Available data:
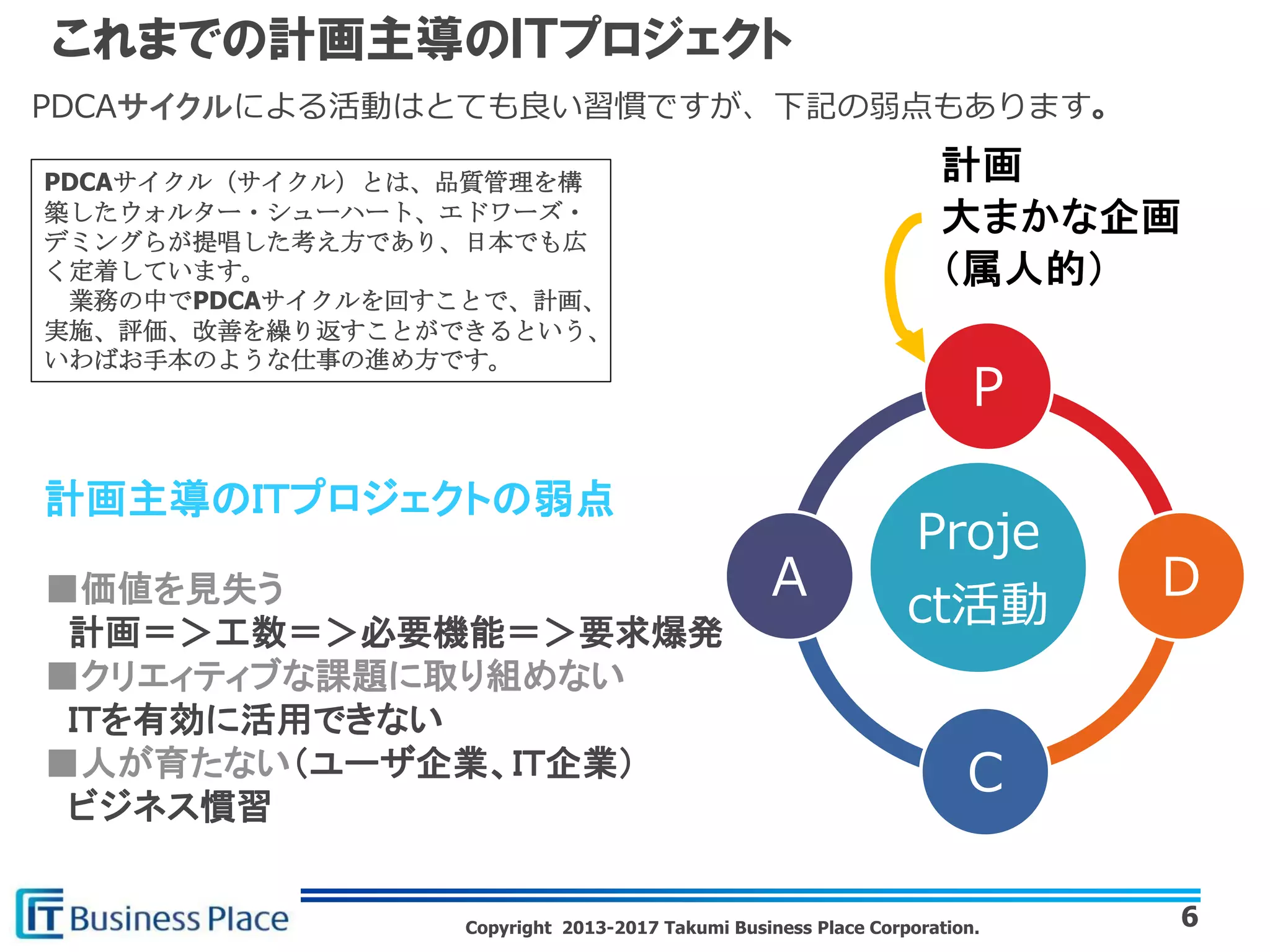 Copyright 2013-2017 Takumi Business Place Corporation.
これまでの計画主導のＩＴプロジェクト
Proje
ct活動
Ｐ
Ｄ
Ｃ
Ａ
計画主導のＩＴプロジェクトの弱点
■価値を見失う
計画＝＞工数＝＞必要機能＝＞要求爆発
■クリエィティブな課題に取り組めない
ＩＴを有効に活用できない
■人が育たない（ユーザ企業、ＩＴ企業）
ビジネス慣習
6
PDCAサイクルによる活動はとても良い習慣ですが、下記の弱点もあります。
PDCAサイクル（サイクル）とは、品質管理を構
築したウォルター・シューハート、エドワーズ・
デミングらが提唱した考え方であり、日本でも広
く定着しています。
業務の中でPDCAサイクルを回すことで、計画、
実施、評価、改善を繰り返すことができるという、
いわばお手本のような仕事の進め方です。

Exercise directions:
The material above should be returned exactly, without pictures.

Your solution:
 Copyright 2013-2017 Takumi Business Place Corporation.
これまでの計画主導のＩＴプロジェクト
Proje
ct活動
Ｐ
Ｄ
Ｃ
Ａ
計画主導のＩＴプロジェクトの弱点
■価値を見失う
計画＝＞工数＝＞必要機能＝＞要求爆発
■クリエィティブな課題に取り組めない
ＩＴを有効に活用できない
■人が育たない（ユーザ企業、ＩＴ企業）
ビジネス慣習
6
PDCAサイクルによる活動はとても良い習慣ですが、下記の弱点もあります。
PDCAサイクル（サイクル）とは、品質管理を構
築したウォルター・シューハート、エドワーズ・
デミングらが提唱した考え方であり、日本でも広
く定着しています。
業務の中でPDCAサイクルを回すことで、計画、
実施、評価、改善を繰り返すことができるという、
いわばお手本のような仕事の進め方です。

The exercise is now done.